Dedication of the Walls

   Nehemiah devotes much of chapter twelve to describing the ceremonies for dedicating the walls; his discipline begins with verse twenty-seven: "And at the dedication of the wall of Jerusalem they sought the Levites out of all their places, to bring them to Jerusalem, to keep the dedication with gladness, both with thanksgivings, and with singing, with cymbals, psalteries, and with harps." Esoterically, the walls represent an aura of protection built by man, while the gates are centers of force in the aura. Through development of these centers one learns to contact spiritual planes. The gates also represent Degrees of Initiation in various Mystery Schools frequently spoken of throughout these pages.

   The paths traversed by the occultist and the mystic are closely depicted in Nehemiah's. account of the dedicatory ceremonies

   The stairs of the city of David refer to the way of the heart that leads to the Illumination of the Water Gate, eastward. Nehemiah names himself among the other company, the occultists who follow the path of knowledge and works from beyond the tower of furnaces. The mystic travels toward the Water Gate while the occultist travels toward the Tower of Fire. The two companies, the two lines of spiritual development, stand still in the Prison Gate. The body is ever the prison house of the spirit until the grand achievement related in Revelation is realized by an incarnating ego. There, as in the ceremonies of dedicating the walls, the two paths meet and blend their forces in the Great Liberation.

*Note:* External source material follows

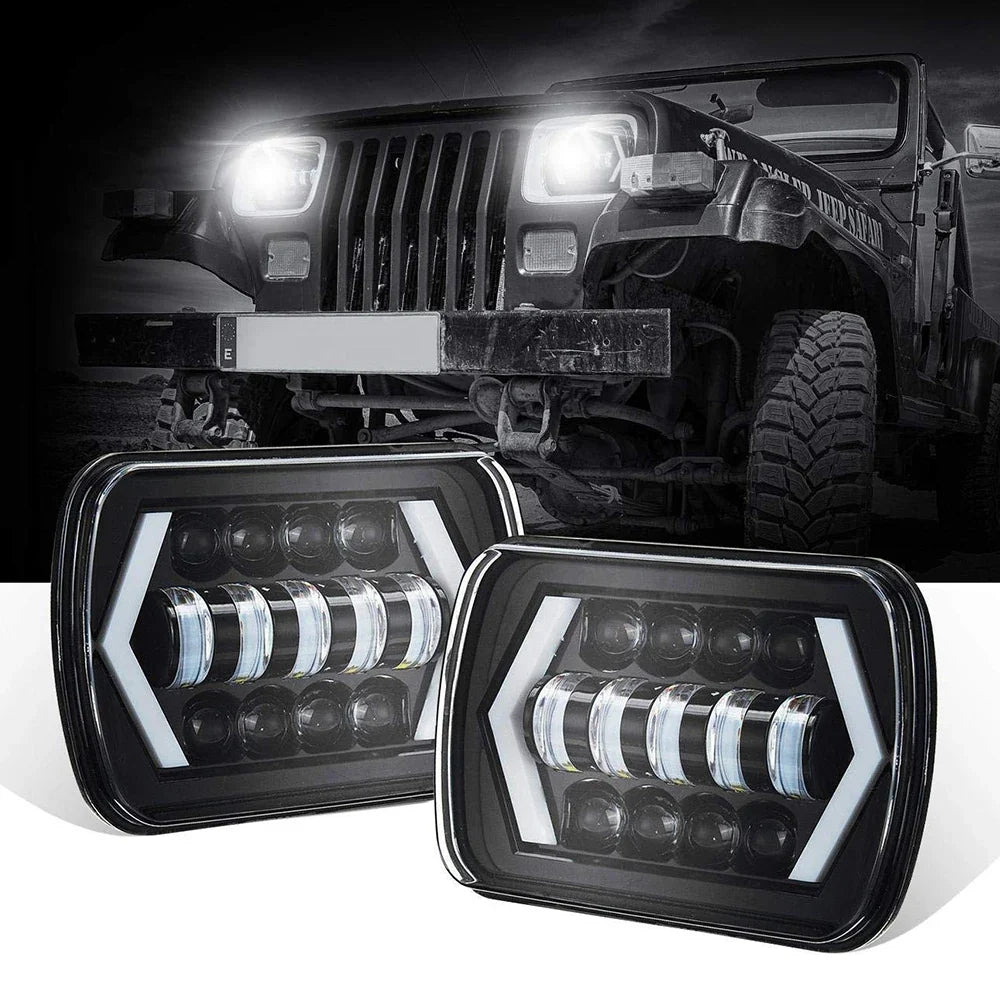 7 Inch LED Headlights - Hi-Lo Beam Halo DRL 12V/24V with H4 Harness for Jeep Wrangler, Cherokee & Motorcycle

   Both companies pass around the newly built walls and by the recently repaired gates, each with its great lock and key (each Degree of Initiation has a golden key and an iron bar. One-half of the divided company went out by the pool of Gihon in the west, and then toward the north where they could overlook the tents of the Samaritans. This is the occult path. The other half traversed the south side of the Valley of Hinnom and toward the front of the Temple. This is the mystic path.

   After completing their journey, the two companies met on the ramparts of the Temple opposite the Mount of Olives (the high and sacred area of Initiation). Here all were united: governor, priests, princes and people. "Also that day they offered great sacrifices, and rejoiced: for God had made them rejoice with great joy ... so that the joy of Jerusalem was heard afar off. (Nehemiah 12:43)

   "And all Israel in the days of Zerubbabel, and in the days of Nehemiah, gave the portions of the singers and the porters, every day his portion: and they sanctified holy things unto the Levites; and the Levites sanctified them unto the children of Aaron." (Nehemiah 12:47)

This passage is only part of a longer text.